Work required
The expected answer holds every line from the first line of the data below through the line containing "Costa & Jacuzzi Hotel 4*", exactly as written, and no other line.

----------

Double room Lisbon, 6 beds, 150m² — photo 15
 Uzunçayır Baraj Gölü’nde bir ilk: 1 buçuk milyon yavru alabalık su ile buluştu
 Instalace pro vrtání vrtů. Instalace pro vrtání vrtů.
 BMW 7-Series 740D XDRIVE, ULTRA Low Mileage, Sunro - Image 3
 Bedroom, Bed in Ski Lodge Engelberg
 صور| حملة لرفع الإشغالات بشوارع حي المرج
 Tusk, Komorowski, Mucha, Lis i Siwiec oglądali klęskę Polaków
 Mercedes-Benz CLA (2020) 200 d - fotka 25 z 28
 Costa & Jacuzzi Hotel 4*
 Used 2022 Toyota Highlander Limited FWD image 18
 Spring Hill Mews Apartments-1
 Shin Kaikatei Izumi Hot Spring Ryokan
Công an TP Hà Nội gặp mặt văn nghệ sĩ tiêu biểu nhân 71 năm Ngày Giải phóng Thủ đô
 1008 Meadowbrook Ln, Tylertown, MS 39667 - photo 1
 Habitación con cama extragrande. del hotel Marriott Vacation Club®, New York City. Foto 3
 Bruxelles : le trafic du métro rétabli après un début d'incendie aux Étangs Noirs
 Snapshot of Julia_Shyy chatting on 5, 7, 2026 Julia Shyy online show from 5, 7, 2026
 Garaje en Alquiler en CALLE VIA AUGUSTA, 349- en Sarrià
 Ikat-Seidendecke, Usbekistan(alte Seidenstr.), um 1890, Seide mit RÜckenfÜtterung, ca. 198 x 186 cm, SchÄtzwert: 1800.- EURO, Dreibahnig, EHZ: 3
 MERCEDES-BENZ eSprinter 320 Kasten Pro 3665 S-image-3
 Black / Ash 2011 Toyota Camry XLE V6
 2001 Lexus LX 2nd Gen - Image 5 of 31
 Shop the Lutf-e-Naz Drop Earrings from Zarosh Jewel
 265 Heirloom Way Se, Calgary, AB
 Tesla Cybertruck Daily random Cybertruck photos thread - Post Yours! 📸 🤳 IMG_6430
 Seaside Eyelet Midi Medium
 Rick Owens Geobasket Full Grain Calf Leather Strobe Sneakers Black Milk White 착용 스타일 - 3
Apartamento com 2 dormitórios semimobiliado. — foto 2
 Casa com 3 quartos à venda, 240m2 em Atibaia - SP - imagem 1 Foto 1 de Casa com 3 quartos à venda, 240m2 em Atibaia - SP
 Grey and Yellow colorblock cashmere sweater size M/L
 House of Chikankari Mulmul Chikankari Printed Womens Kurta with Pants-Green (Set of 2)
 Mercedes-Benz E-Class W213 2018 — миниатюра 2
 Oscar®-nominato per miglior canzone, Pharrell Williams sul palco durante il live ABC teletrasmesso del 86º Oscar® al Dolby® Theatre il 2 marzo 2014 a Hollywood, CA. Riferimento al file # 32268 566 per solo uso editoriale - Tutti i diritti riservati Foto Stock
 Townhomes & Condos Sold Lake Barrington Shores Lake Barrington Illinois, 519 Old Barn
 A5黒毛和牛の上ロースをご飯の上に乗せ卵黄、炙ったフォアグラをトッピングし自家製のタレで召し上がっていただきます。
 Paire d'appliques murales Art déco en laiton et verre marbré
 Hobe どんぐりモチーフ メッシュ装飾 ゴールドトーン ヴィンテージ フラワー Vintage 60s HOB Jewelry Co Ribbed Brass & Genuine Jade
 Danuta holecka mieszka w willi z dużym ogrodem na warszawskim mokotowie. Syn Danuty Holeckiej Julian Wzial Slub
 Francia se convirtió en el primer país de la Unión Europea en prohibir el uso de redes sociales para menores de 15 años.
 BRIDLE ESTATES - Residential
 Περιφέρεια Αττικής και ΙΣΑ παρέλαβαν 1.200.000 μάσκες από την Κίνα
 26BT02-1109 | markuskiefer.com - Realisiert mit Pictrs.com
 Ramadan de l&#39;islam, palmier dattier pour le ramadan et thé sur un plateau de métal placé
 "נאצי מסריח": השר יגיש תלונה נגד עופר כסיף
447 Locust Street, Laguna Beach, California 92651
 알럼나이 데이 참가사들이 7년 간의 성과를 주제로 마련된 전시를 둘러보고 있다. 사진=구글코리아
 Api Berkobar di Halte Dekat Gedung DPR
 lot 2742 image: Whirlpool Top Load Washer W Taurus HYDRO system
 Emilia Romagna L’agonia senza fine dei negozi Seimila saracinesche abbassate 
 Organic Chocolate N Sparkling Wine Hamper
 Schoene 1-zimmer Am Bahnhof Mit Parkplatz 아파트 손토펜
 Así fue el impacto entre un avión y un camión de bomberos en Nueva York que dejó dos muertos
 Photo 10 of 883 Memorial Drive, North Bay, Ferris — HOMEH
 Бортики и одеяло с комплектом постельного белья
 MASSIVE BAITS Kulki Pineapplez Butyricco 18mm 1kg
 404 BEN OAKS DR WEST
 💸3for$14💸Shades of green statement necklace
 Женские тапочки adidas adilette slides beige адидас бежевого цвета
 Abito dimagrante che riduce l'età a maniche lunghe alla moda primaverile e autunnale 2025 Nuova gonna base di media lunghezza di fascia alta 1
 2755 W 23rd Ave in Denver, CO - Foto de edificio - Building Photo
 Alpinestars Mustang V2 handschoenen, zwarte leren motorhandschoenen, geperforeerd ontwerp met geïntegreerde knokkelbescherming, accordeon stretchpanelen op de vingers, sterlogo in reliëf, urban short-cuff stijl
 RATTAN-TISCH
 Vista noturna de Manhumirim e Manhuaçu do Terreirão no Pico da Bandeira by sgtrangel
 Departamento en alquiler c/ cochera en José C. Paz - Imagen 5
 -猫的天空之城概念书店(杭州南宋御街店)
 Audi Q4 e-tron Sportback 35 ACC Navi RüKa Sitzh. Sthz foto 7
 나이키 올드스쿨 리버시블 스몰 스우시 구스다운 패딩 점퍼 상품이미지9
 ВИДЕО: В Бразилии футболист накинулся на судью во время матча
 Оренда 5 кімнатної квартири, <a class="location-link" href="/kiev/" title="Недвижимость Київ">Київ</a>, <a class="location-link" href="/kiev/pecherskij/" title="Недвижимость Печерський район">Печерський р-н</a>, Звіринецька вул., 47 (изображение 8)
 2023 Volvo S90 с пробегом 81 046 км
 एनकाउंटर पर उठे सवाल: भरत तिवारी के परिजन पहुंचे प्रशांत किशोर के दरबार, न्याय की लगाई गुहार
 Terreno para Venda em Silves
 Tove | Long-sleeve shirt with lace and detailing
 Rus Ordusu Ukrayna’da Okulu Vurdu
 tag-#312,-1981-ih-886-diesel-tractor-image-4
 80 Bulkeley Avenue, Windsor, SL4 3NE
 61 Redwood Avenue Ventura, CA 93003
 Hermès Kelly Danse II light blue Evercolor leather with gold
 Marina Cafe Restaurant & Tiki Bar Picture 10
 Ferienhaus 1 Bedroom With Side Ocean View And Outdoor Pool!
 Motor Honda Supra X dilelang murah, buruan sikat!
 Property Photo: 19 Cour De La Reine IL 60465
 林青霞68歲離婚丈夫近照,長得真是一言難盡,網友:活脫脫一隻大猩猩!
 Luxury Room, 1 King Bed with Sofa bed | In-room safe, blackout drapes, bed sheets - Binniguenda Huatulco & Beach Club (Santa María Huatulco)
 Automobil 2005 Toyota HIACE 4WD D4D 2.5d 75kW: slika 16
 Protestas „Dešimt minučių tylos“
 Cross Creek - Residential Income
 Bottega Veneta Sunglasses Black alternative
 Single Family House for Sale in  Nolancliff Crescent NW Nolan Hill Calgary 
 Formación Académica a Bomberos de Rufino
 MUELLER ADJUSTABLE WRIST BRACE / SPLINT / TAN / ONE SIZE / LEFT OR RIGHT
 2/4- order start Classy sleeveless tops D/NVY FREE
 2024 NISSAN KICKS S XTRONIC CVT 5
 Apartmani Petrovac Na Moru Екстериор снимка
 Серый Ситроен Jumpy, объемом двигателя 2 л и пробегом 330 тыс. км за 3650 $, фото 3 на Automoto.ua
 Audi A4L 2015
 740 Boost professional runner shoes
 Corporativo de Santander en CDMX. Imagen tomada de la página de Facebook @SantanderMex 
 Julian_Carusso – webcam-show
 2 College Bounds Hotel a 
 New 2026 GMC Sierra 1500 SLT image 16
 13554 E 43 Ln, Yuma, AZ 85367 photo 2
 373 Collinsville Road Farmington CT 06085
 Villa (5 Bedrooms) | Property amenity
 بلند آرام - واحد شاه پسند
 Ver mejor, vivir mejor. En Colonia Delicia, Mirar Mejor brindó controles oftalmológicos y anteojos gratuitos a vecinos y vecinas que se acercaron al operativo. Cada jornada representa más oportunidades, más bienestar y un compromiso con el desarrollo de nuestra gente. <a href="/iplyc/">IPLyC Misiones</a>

----------

Worked solution
Double room Lisbon, 6 beds, 150m² — photo 15
 Uzunçayır Baraj Gölü’nde bir ilk: 1 buçuk milyon yavru alabalık su ile buluştu
 Instalace pro vrtání vrtů. Instalace pro vrtání vrtů.
 BMW 7-Series 740D XDRIVE, ULTRA Low Mileage, Sunro - Image 3
 Bedroom, Bed in Ski Lodge Engelberg
 صور| حملة لرفع الإشغالات بشوارع حي المرج
 Tusk, Komorowski, Mucha, Lis i Siwiec oglądali klęskę Polaków
 Mercedes-Benz CLA (2020) 200 d - fotka 25 z 28
 Costa & Jacuzzi Hotel 4*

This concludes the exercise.